Project Summary
This study aims to (1) establish the degree of representativeness across age, sex, and race of obituary data by
comparing that information with death certificate records to understand open-source data's reliability and
measurement properties. (2) Build a model that uses online obituary data to predict administrative records.
During health care emergencies, it is essential to monitor all-cause mortality and not just cause-specific deaths
and to calculate the number of excess deaths for several reasons: (1) official statistics on cause-specific
deaths might undercount people who did not test positive before dying; (2) hospitals and civil registries may not
process death certificates for several days, or even weeks, which creates lags in the data; (3) the person
completing the death certificate does not have access to the complete medical record or otherwise know about
a positive test or symptoms; (4) pandemic and health emergencies divert attention and resources away from
other conditions (e.g., cancer patients have seen delays and postponing treatment) and discouraged people
from going to the hospital when needed (e.g., strokes), which may have indirectly caused an increase in
fatalities from diseases other than COVID-19. Automated data collection from text mining of openly available
online obituaries could allow us to derive quick predictions of age and sex distribution of death by location in a
cost-effective way.
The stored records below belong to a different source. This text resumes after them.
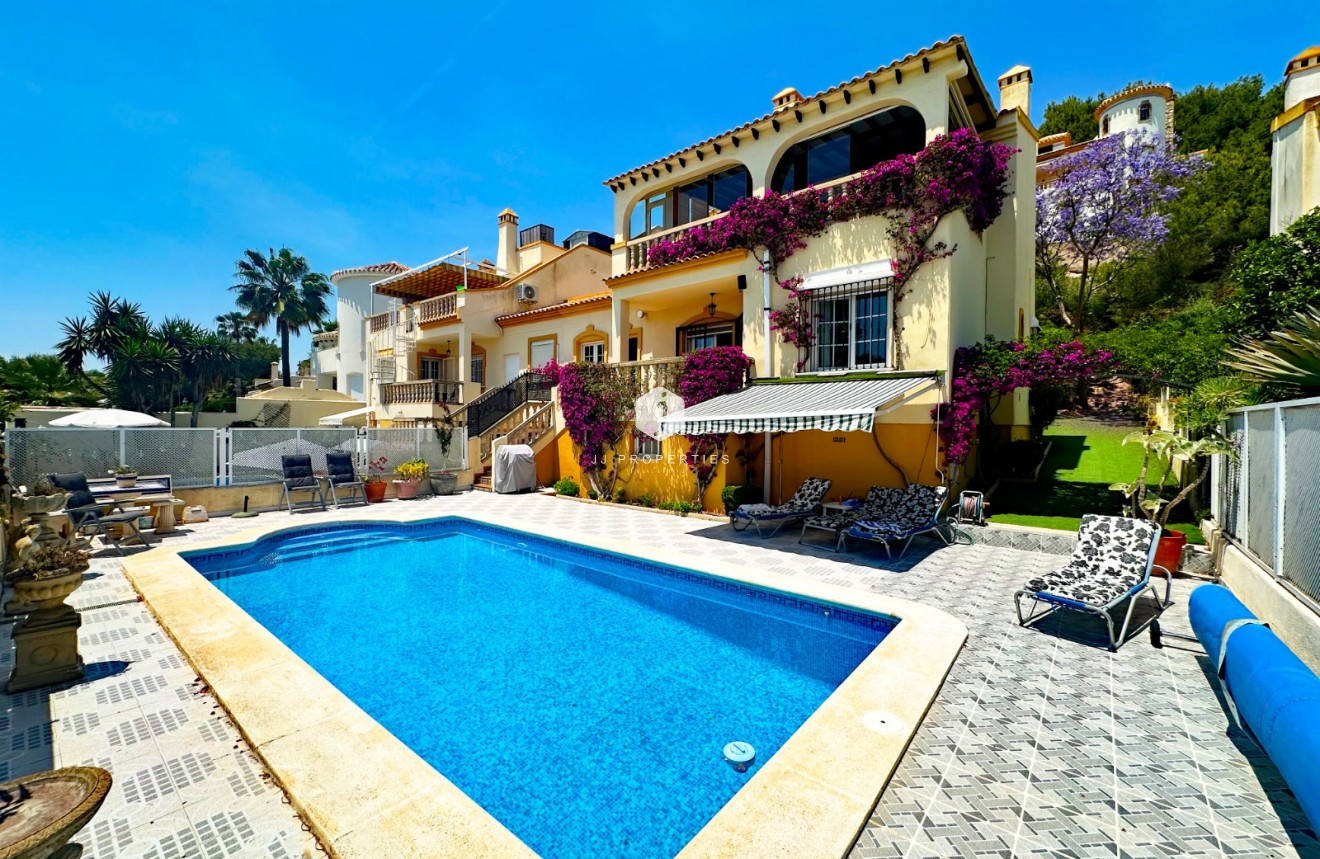 Resale - Villa -
Orihuela Costa - Costa Blanca
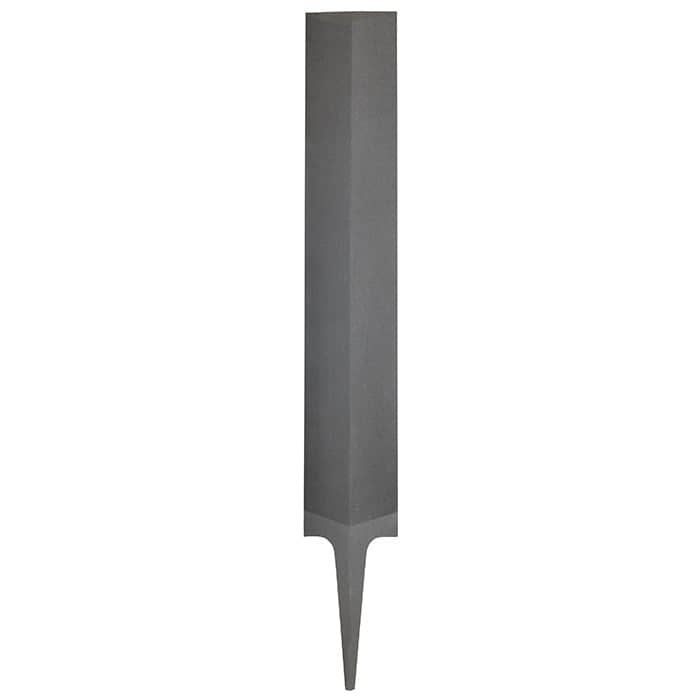 Lime en métal gris avec extrémité effilée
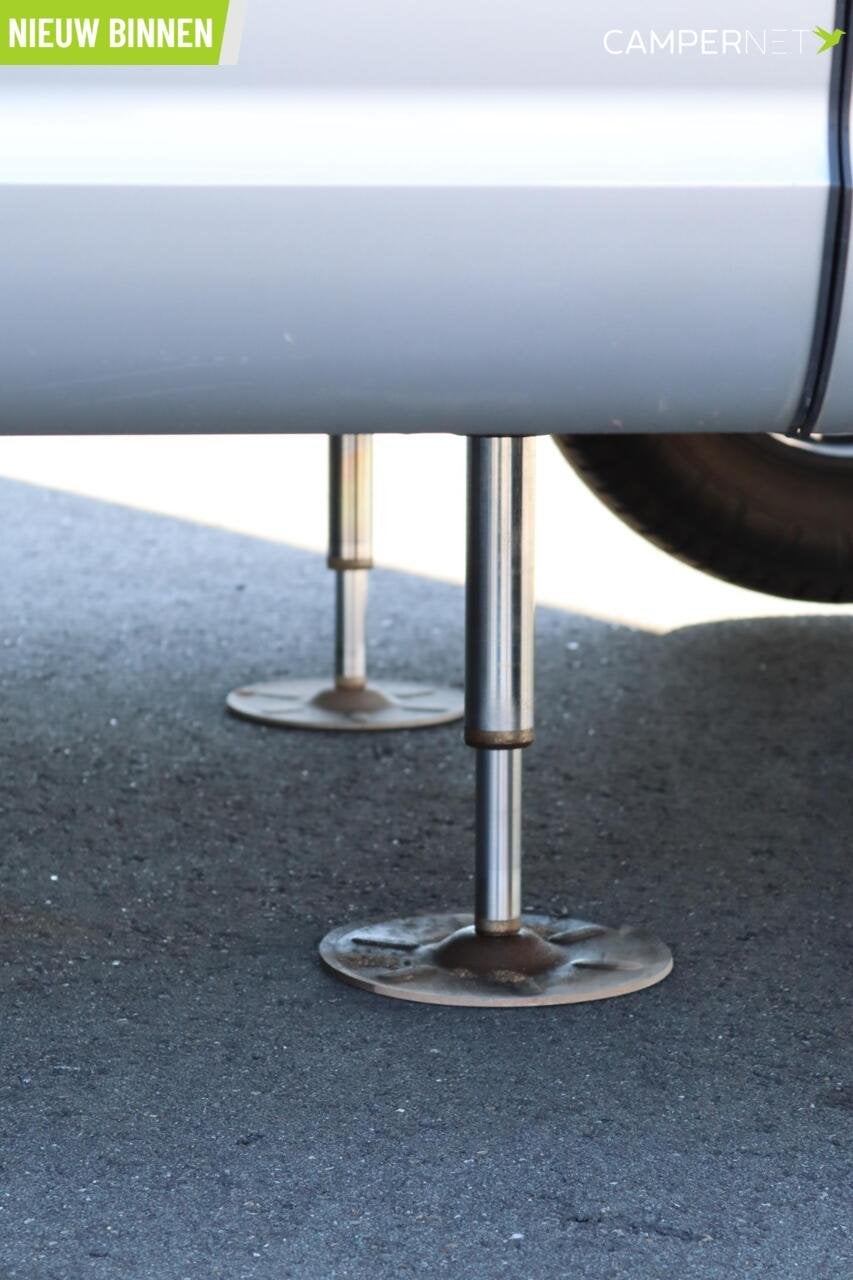 Niesmann-bischoff ARTO 79LE 177pk Automaat | E&P Levelsystee, Caravans en Kamperen, Campers, Niesmann+Bischoff, Bedrijf, Achteruitrijcamera
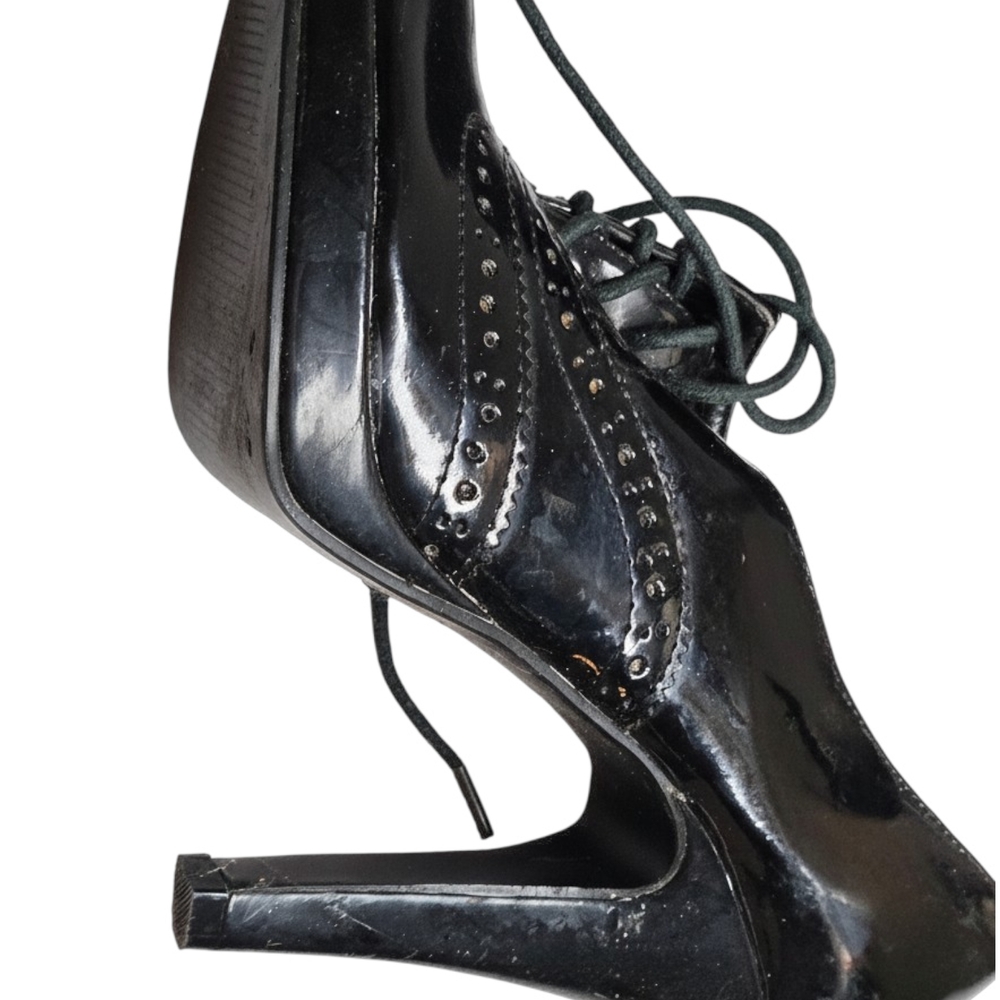 Delicious Black Patent Leather Heels - Picture 2 of 5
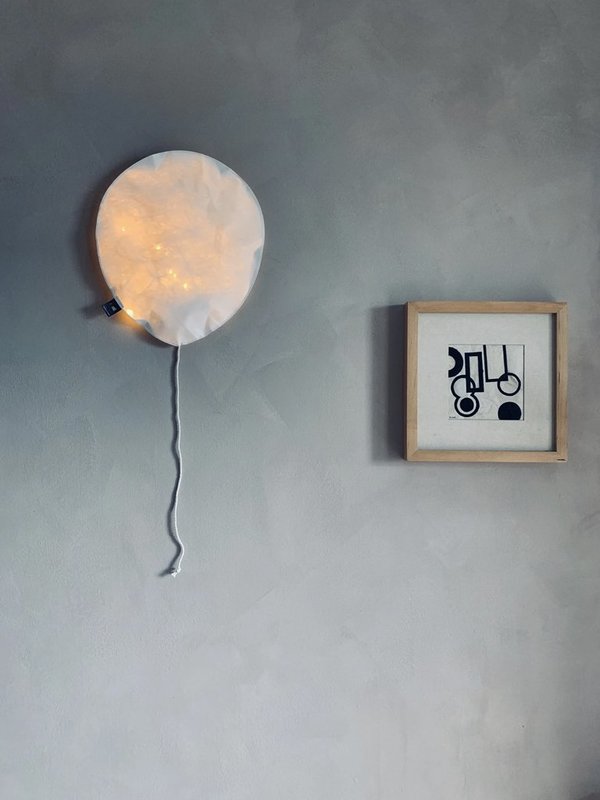 EKATERINA GALERA Large Balloon Light - White EKATERINA GALERA Large Balloon Light - White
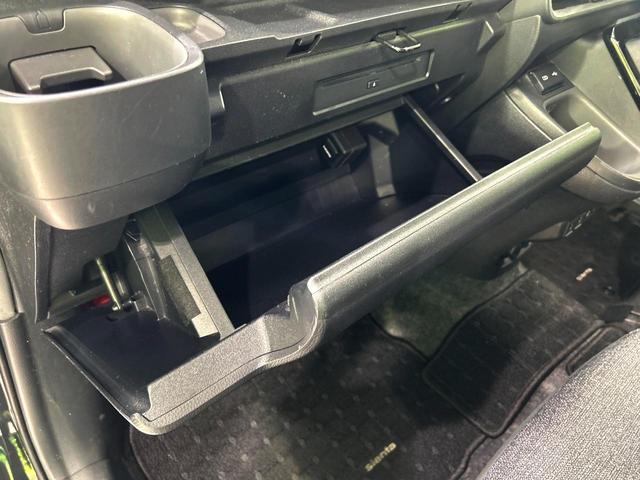 シエンタ ハイブリッドZ 10.5インチ純正ディスプレイオーディオ 全周囲カメラ 両側パワースライドドア レーダークルーズコントロール ブラインドスポットモニター シーヒーター ステアリングヒーター 100V電源(38枚目)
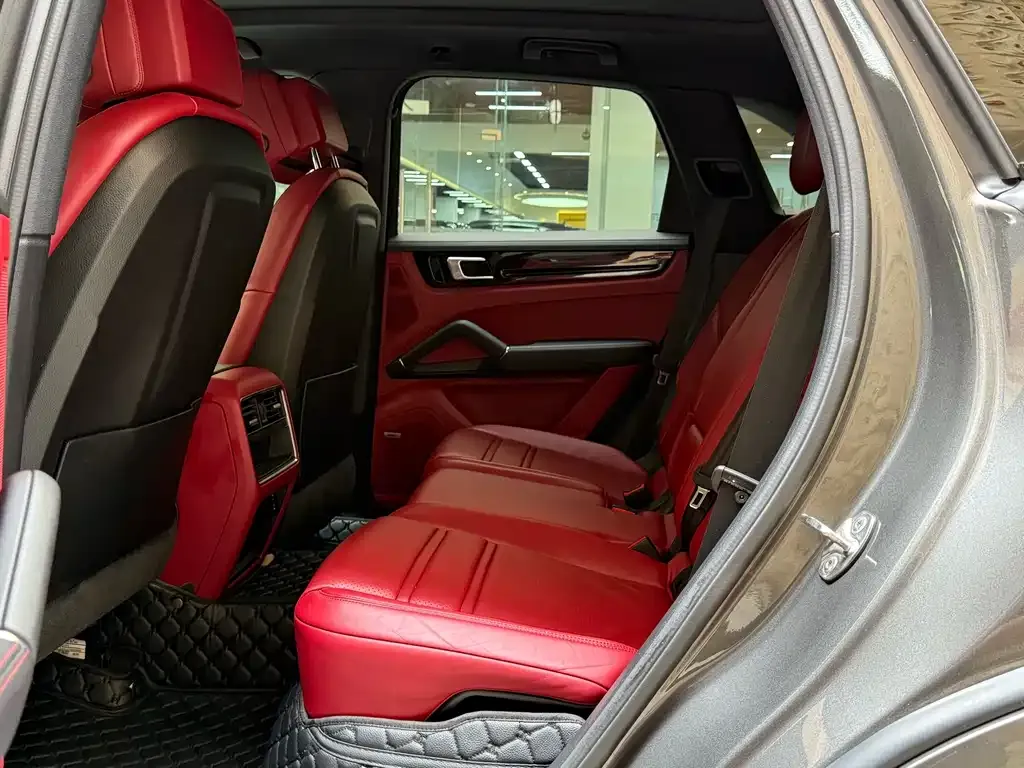 Porsche Cayenne 2021 из CN, фото 8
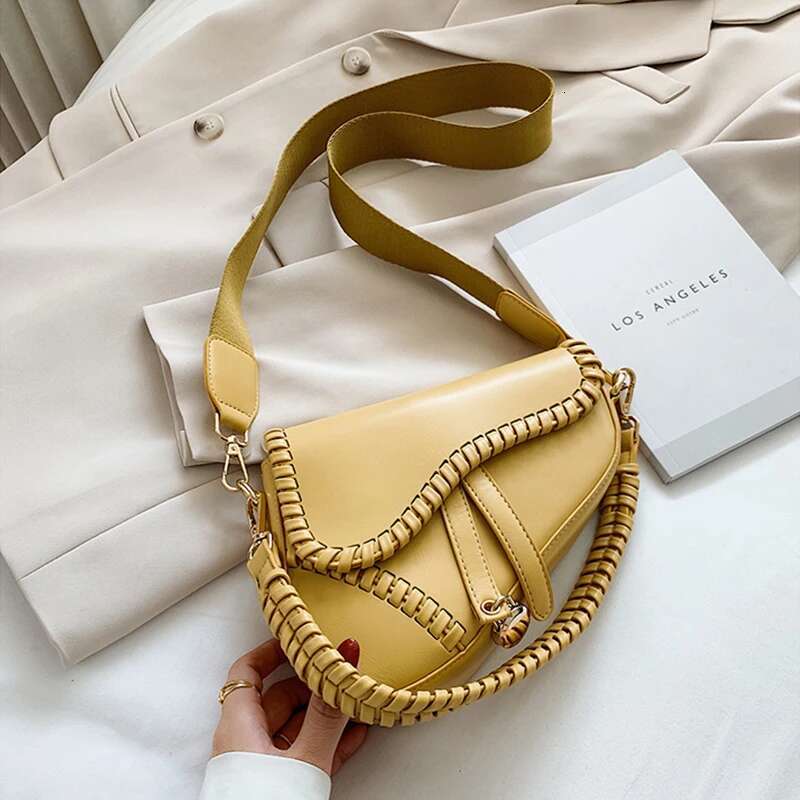 Fashion Saddle Women One Shoulder Handle Trend Casual Hasp Zipper PU Material Polyester Inside Lock Ornament Bag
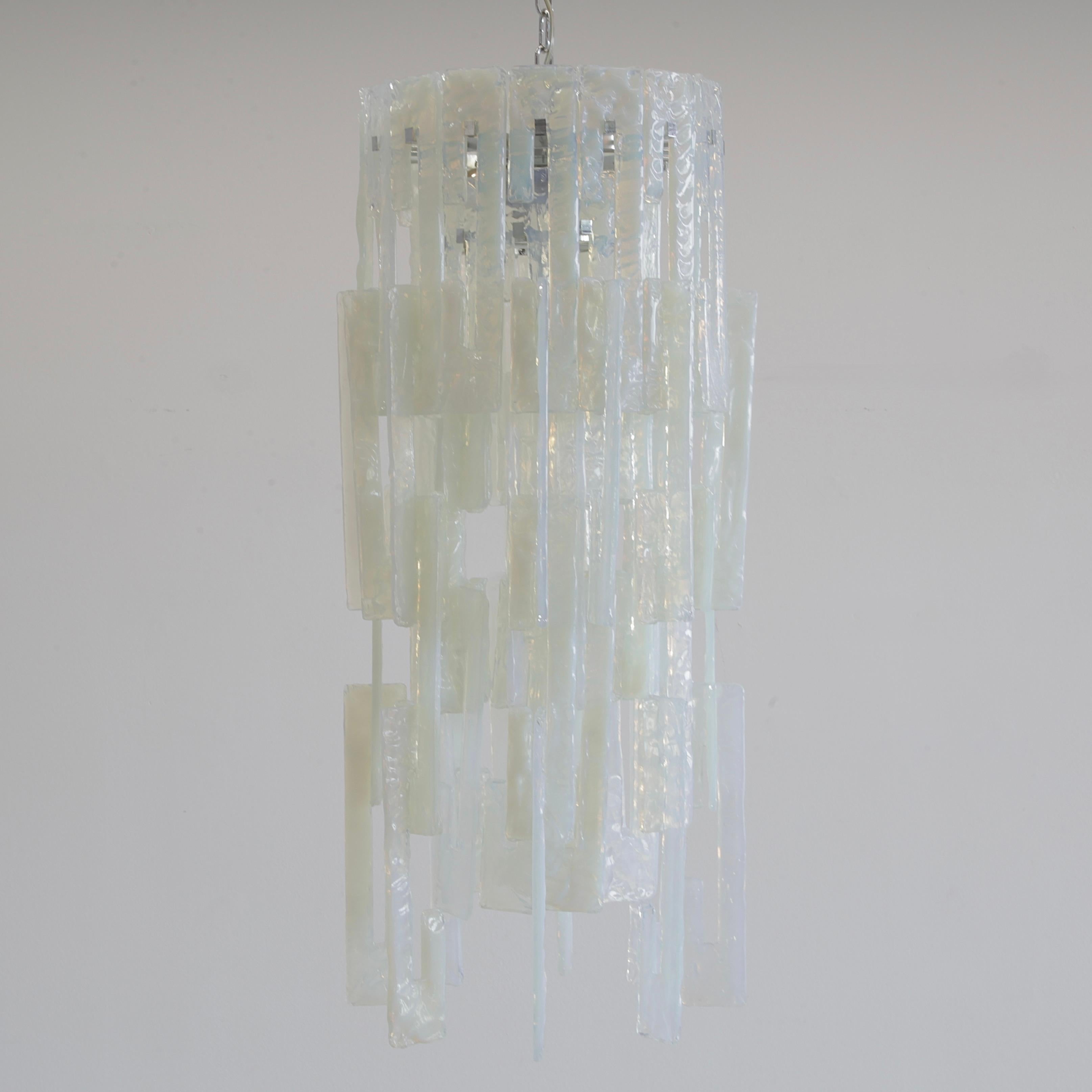 Milieu du XXe siècle Lustre en verre MAZZEGA conçu par Carlo Nason, années 1960 en vente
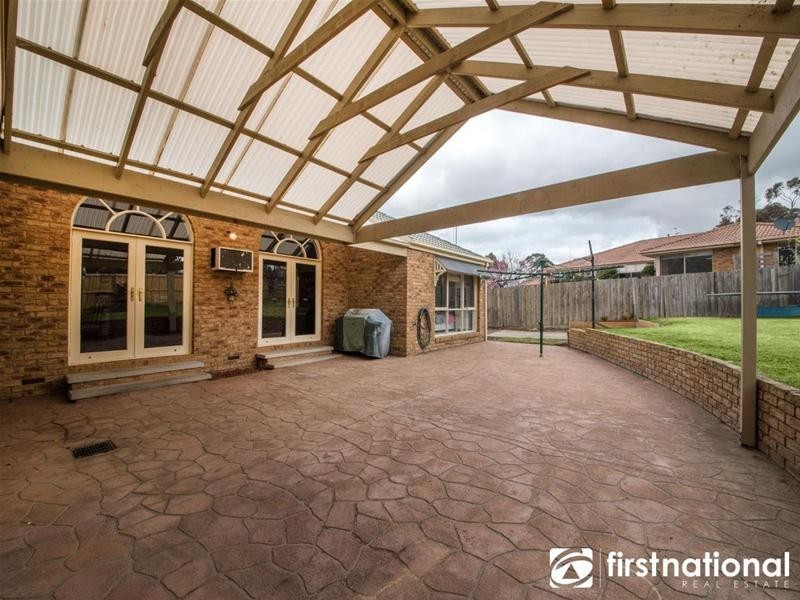 4 Dryden Court, Berwick VIC 3806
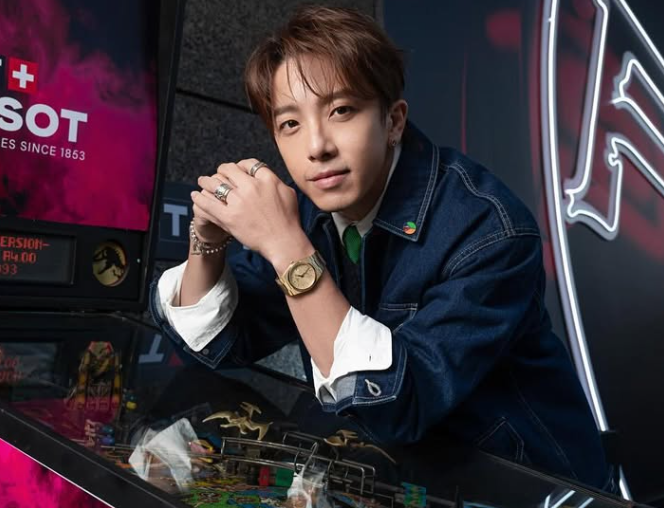 坤達涉嫌花費20到30萬偽裝高血壓逃兵役，檢方訊後諭令50萬元交保。   圖：翻攝自坤達IG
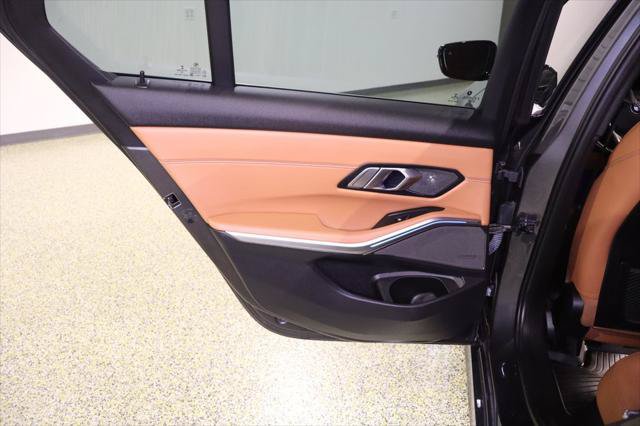Used 2021 BMW 330i Sedan w/ Premium Package RWD image 38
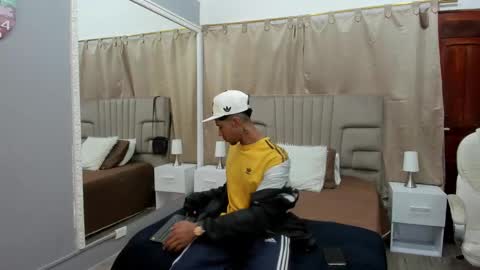 julian billy online show from February 10, 11:25 am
Currently, publicly available datasets have a two-year lag. From the moment death records
are captured to the time these are released, this delay hampers monitoring efforts. Providing information on
sex, age, and race is critical because health emergencies might directly or indirectly cause a disproportionate
increase in fatalities among certain groups. In places where mortality is exceptionally high (or low) based on
obituary data, this form of monitoring can inform the policy response's effectiveness. This work can also be
foundational for disease monitoring should future pandemics arise because online death records are easier
and cheaper to access than administrative data.